[THE TASK]: Reproduce verbatim the lines of the material below, starting at the line with "Toyota PRIUS 2023 — фото автомобиля 1" and ending at the line with "Aire de jeux", both inclusive; skip the rest.

[RECORD SET]:
Segment Open

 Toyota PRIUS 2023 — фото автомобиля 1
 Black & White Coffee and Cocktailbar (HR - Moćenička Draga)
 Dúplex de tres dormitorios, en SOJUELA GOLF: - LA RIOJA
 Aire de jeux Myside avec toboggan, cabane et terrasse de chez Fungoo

Segment Closed
Segment Open

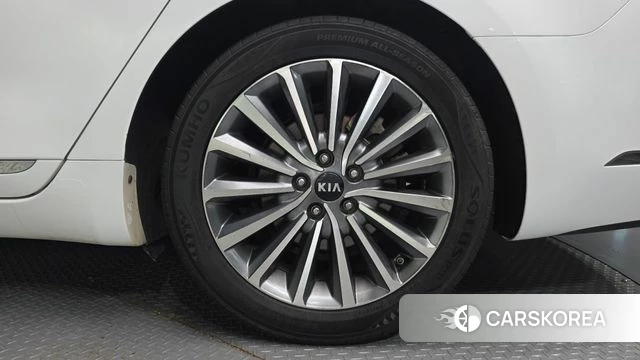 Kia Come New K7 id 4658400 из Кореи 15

Segment Closed

[SOLUTION FOR THIS PROBLEM]:
 Toyota PRIUS 2023 — фото автомобиля 1
 Black & White Coffee and Cocktailbar (HR - Moćenička Draga)
 Dúplex de tres dormitorios, en SOJUELA GOLF: - LA RIOJA
 Aire de jeux Myside avec toboggan, cabane et terrasse de chez Fungoo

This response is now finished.